そのようにして、作曲家の才能を極限まで引き出すのが上手い監督だったのだろう。この『リトル・ブッダ』のエンディング曲は、多分100年後もキョージュの代表曲のひとつとして挙げられる傑作中の傑作だと僕は思っている。


さて、前日のベルトルッチ監督の訃報に続いて、火曜日にはジャズピアニストの前田憲男氏の逝去のニュースである。これもまた、非常に残念なことだ…。


(出典:livedoor NEWS

僕は、日本人のジャズピアノ演奏では、前田氏のそれがいちばんお気に入りだった。ピアノも作曲も独学ということに加え、演奏もアレンジの技術も実に洗練されていてお洒落。そのいずれも、僕の好きな点だったのだ。
とりわけ、オーケストレーションなどは聞いてすぐに前田氏だと分かるくらいに特徴的だったと思う。テレビ番組のテーマ曲で言えば、「世界まるごとHOWマッチ」のオープニング曲は、聴くだけで豪華絢爛な気持ちになれたものだった。

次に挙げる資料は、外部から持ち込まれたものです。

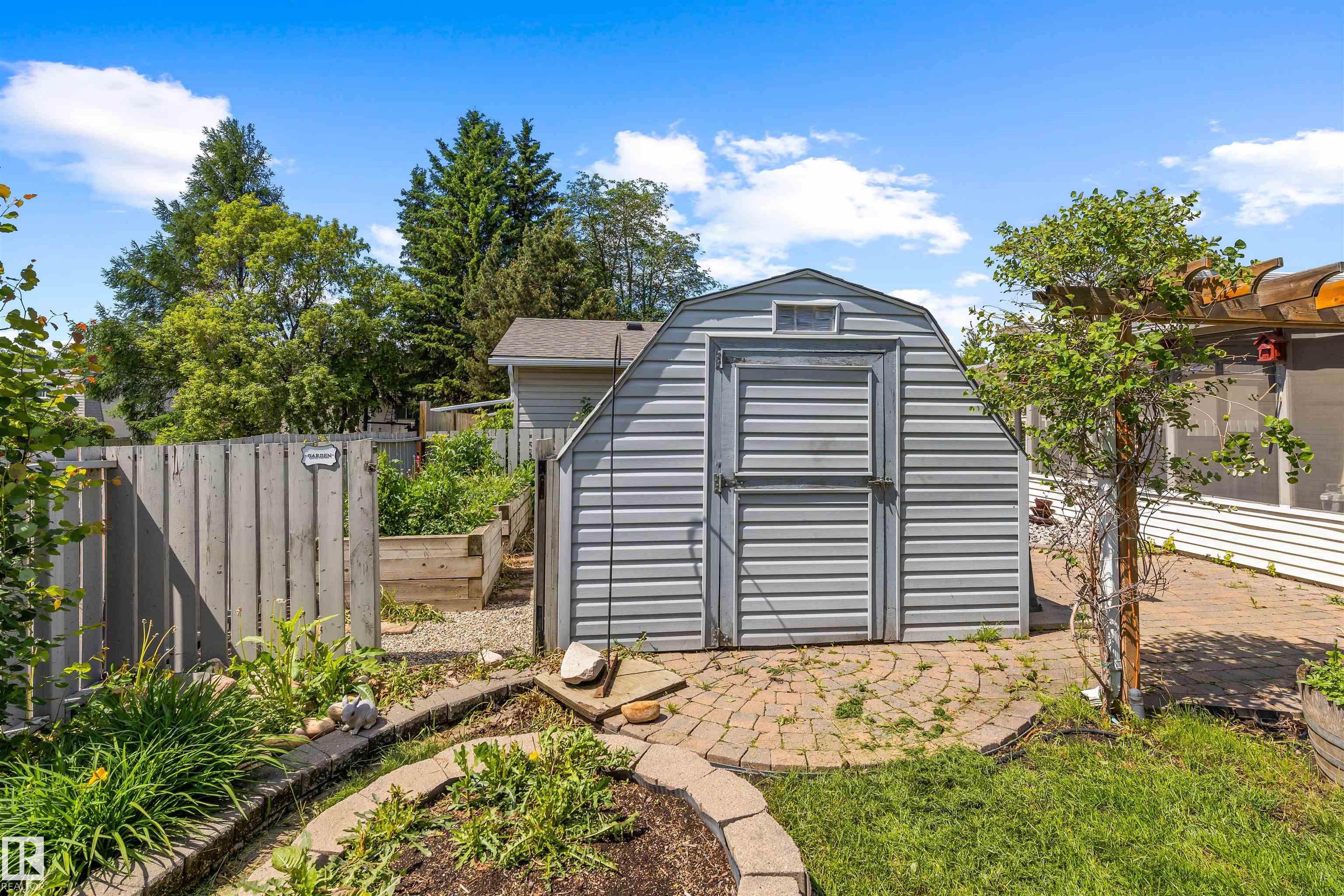 Photo 39 at 37 Leon Place, Lacombe Park, St. Albert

そういえば、前田憲男氏が10年くらい前、パーティ会場に置いてあった電子ピアノで即興演奏をしたという動画がある。先日、僕はそれを久し振りに再見した。

画家が席画をパッと描いて披露するが如く、こうしてその場でイメージの赴くままに楽器を弾くことが出来るというのは、実に素晴らしいことだと思う。
この動画のコメ欄には、前田氏が「100歳までピアノを弾く」と仰っていたのだという旨が書いてある。人にとって、やはり100歳というのは実に高い壁なのだなあ…と哀切をもって感じる。


こうして、今年は、僕の好きなものばかりが奪われていくような気がする…。せめて来年は、どうかこんな年になりませんようにと冀ふ、と考えていた矢先、今朝また訃報が飛び込んで来た。

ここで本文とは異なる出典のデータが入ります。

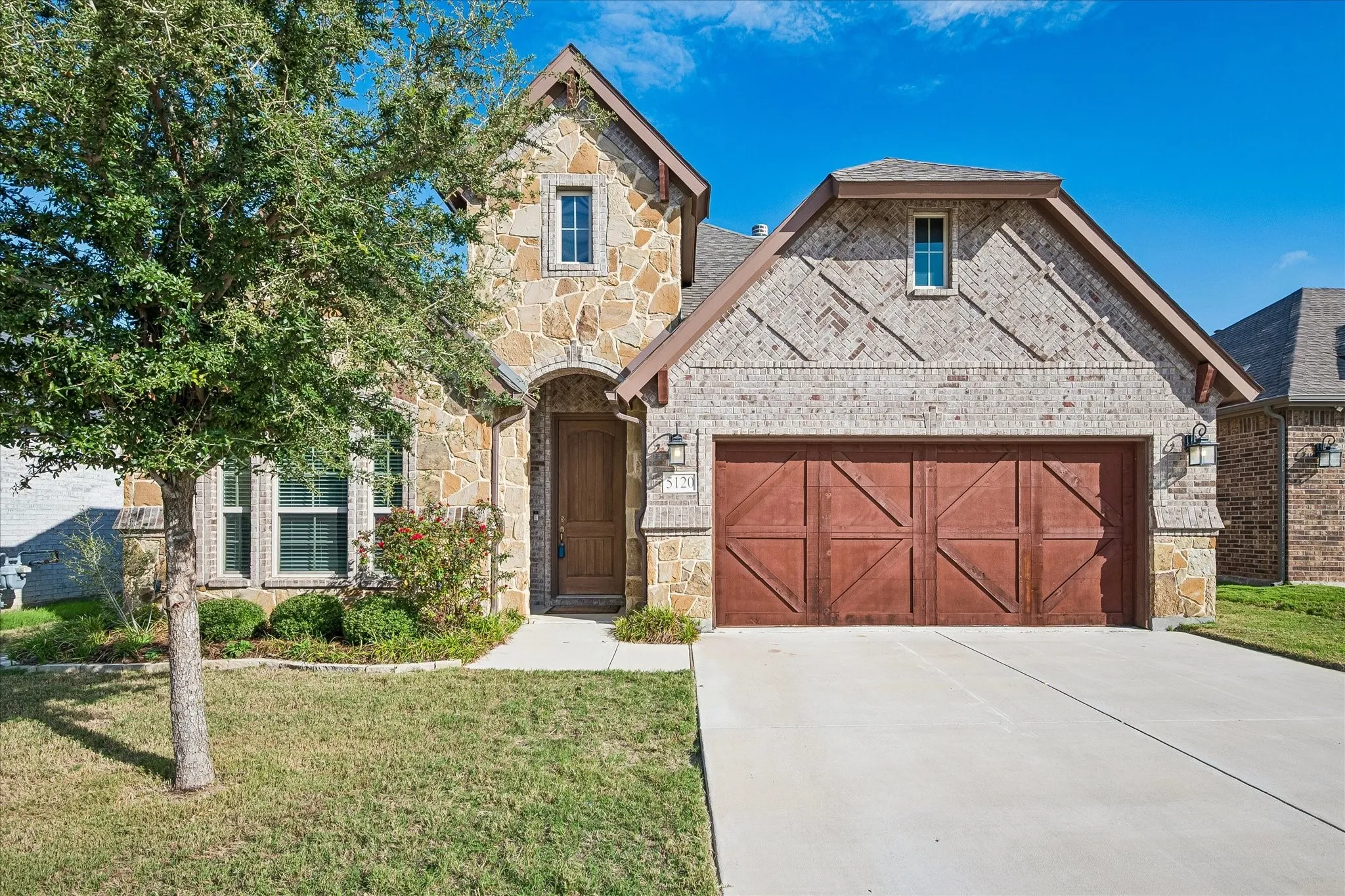 Single Family Residence For Sale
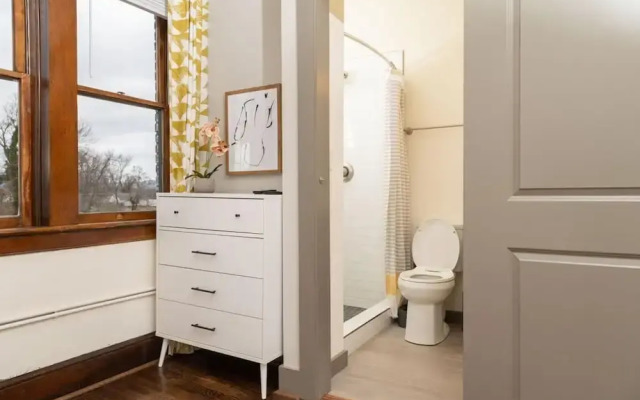 Luxury Multi-unit Historic Building Near Downtown
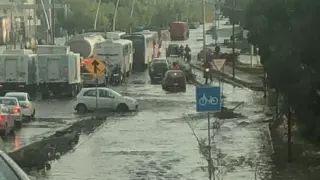 Inundaciones y tráfico tras la tormenta de la mañana del viernes 21 de julio en el AMG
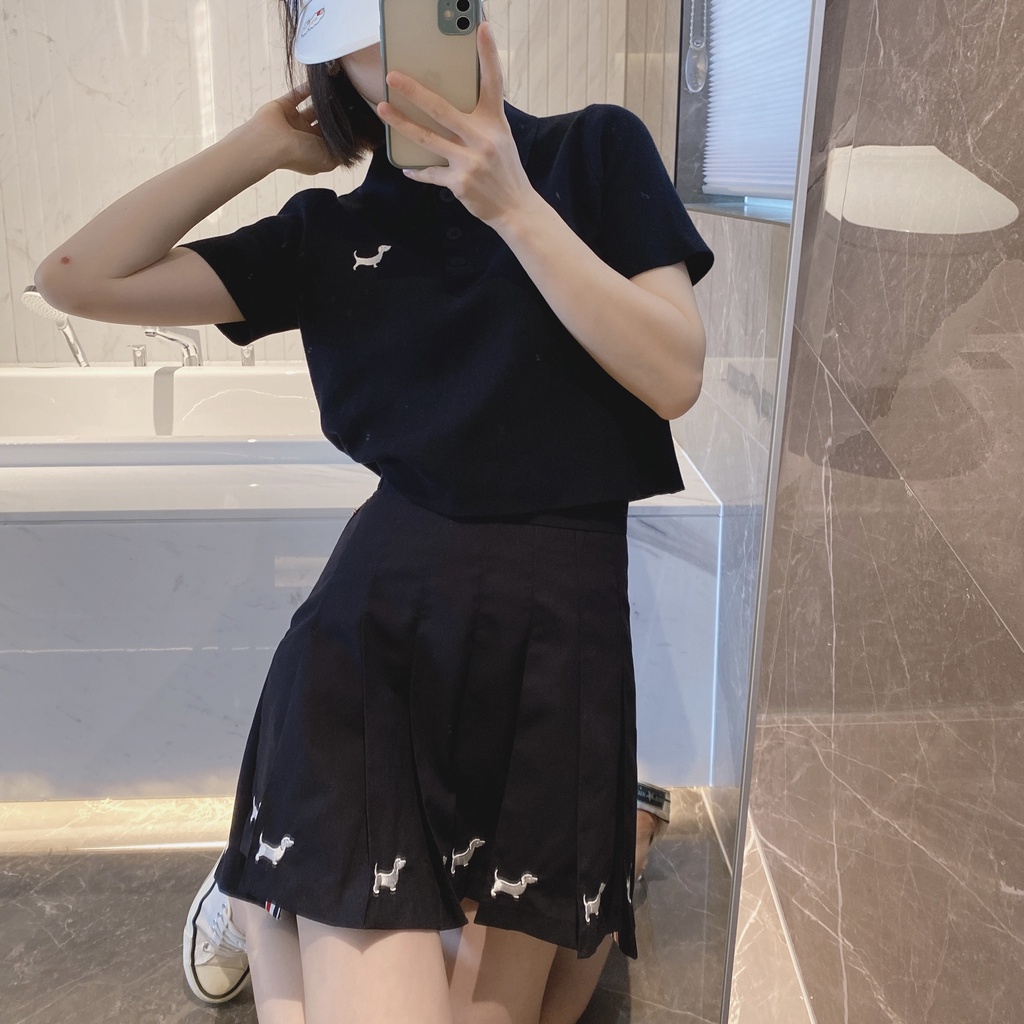 Thom Browne hem embroidered puppy front short back long pleated skirt women's skirt skirt spring and autumn summer high waist skirt A- Line skirt 1KLE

もう3日連続も訃報に接す…。こんなにも毎日続くとは思わなかったのだ。コラムニストで作家、写真家、コメンテイターの勝谷誠彦氏が昨夜逝去されたとの報を今朝、氏の配信メールで受け取ったのである。


(出典:日刊スポーツ

僕は、彼此15年以上の間、勝谷氏の文章に毎日接している。最初は何のきっかけだったのか、氏のブログ(さるさる日記)を読み始め、それが有料配信メールとなってからは、創刊から購読し続けた。

そして、今朝の号が、とうとう訃報となってしまったのである…。何ということだろうか。この配信メールを読んだときには、余りのことに我が目を疑った。信じられない、というのが率直な気持ちだ。

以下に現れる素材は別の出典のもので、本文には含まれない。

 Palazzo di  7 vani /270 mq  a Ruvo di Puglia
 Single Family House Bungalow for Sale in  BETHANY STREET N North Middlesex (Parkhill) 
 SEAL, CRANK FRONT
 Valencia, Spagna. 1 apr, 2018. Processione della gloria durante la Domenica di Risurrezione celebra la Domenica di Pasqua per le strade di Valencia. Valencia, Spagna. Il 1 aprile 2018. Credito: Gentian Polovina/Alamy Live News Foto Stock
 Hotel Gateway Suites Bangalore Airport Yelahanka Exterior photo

ここカツブロは、勝谷誠彦氏のプロデュースするサイトである。そのような意味においても、勝谷氏は僕の文章の師のひとりとも呼べる存在であったと思う。但し、直接の指導を受ける機会があったわけではなく、あくまでも私淑ということなのだけれども。

勝谷誠彦氏に、僕が最後に直接お目にかかったのは、今年の4月、国会議事堂前にある憲政会館で開かれた講演会であった。正直を申し上げると、お話にいつもの切れ味が少し感じられず、あれ?という印象の残った講演だった。
きっと、そのときから体調が優れなかったのだろうと、いま改めて思う。もう少し早い時期に病院へと駆け込んでいたら、氏の生命はもっと延びたことかも知れない。でも、そんな想像も今は虚しいだけである…。衷心より哀悼の意を表したいと思う。

こうして、今年は僕の大切なものが、余りにも天に取り上げられ過ぎだ。一体、どうなっているのだろうか?この年は、あと1ヶ月余りがまだまだ残っている。これは、甚だしく長い、残余零物の日々である。げに恐ろしく思う。さて僕は、どう生きていけば良いのだろう…。